Strong demand from China, coupled with tight supplies in New Zealand, have been key contributors to the record Australian trade lamb prices in recent weeks.
China is the world’s largest sheepmeat producer, consumer and importer.
The country has been Australia’s single largest sheepmeat export destination by volume for the past couple of years and is second, to the US, by value.
Meat Livestock Australia reports that Australia’s sheepmeat exports to China have seen the largest ever start to the year, swelling 43 per cent year-on-year to an all-time record of almost 55,000 tonnes for the January-July period.
China has a two-track production structure, with a mix of large-scale farms and industrialised processing companies, and small herders with a couple of animals processing batches through local slaughterhouses.
Small herders still represent a significant proportion of producers in China and they principally add volatility to the market, by growing flocks to take advantage of high prices and exiting when prices fall or livestock-rearing conditions deteriorate.
This means that over-production is an ever-present risk and, given domestic production accounts for 95 per cent of consumption, it can have an immediate negative impact on import demand, particularly at the commodity end of the market.
China produces one-third of the world’s sheepmeat, and high prices, growing demand and government support are forecast to underpin growth over the next decade.
Between 2017 and 2027, China’s sheep flocks are forecast to increase 1.1 per cent on a compound annual growth rate and for production to lift 2.1 per cent, according to GIRA.

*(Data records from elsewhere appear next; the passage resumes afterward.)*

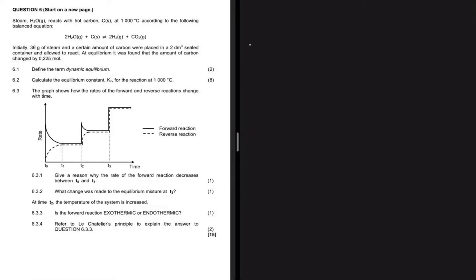Steam H₂O reacts with hot carbon at 1000°C according to the following balanced equation. Initially, 36 grams of steam and a certain amount of carbon were placed in a two decimeter cubed sealed container and allowed to react. At equilibrium, it was found that the amount of carbon changed by 0.225 moles.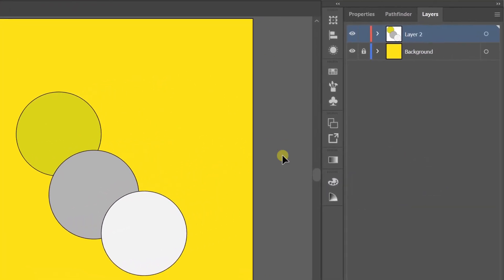To see what objects are in Layer 2, you can click the arrow to bring up the sub layer.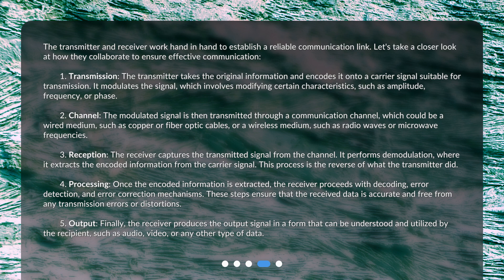3. Reception: The receiver captures the transmitted signal from the channel. It performs demodulation, where it extracts the encoded information from the carrier signal. This process is the reverse of what the transmitter did. 4. Processing: Once the encoded information is extracted, the receiver proceeds with decoding, error detection, and error correction mechanisms. These steps ensure that the received data is accurate and free from any transmission errors or distortions.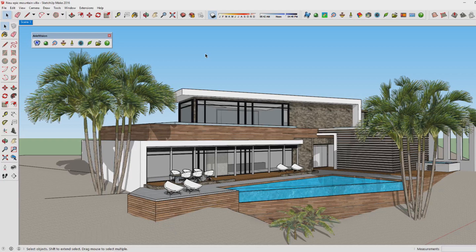Hi there and welcome to this brand new SketchUp rendering tutorial. Today I'm going to show you how you can turn your SketchUp model into a photorealistic rendered image using only one click with your mouse, because using Aerial Vision it's as easy as that.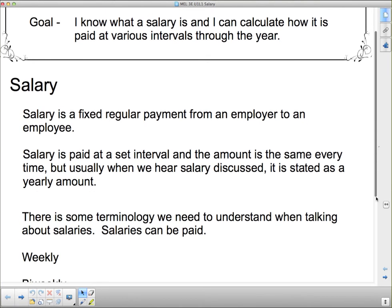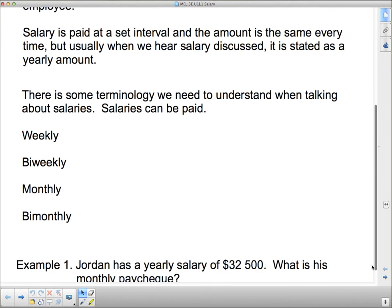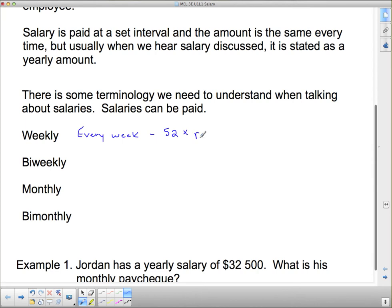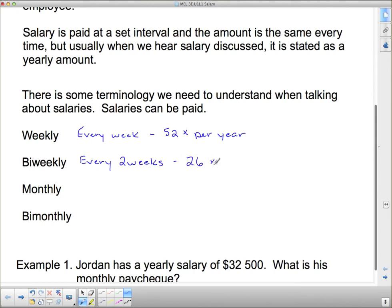Here's some terminology we need to understand when talking about salaries. Salaries can be paid weekly, and if you hear that someone gets a weekly salary, that just means that they get paid every week — which means 52 times per year, so they get a paycheck 52 times over the course of the year. Bi-weekly means every two weeks, and if you get paid every other week, that means you're going to have 26 paychecks per year.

At the same time, high prices, drought and disease are affecting China’s domestic production, and can potentially result in short-term production surges.
Much of northern China, where the majority of China’s sheep and goat flocks are raised, has been in intermittent drought for some years, with surface and groundwater at record lows in some places.
While production is forecast to increase in coming years, so is consumption.
GIRA is currently anticipating a compound annual growth rate increase in consumption of 2 per cent from 2017 to 2027.
Current estimates suggest that China’s sheepmeat production will continue to fall short of meeting consumption out to 2027.
China’s growing demand for a variety of premium proteins, including lamb, will be driven by significant growth in the number of wealthy urban households with high discretionary incomes.
Consumers are upgrading purchases across many product categories, including meat, which means eating larger quantities and of a wider variety.
Affluent consumers are seeking higher quality, imported chilled meat products, for consumption at home and through foodservic
While China’s 2017 estimated annual per capita sheepmeat consumption is relatively low – 3.4 kg per person in China compared to 8.4 kg in Australia – this is forecast to increase to 4.0 kg by 2027, which is significant for a consumer base of around 1.4 billion, according to GIRA.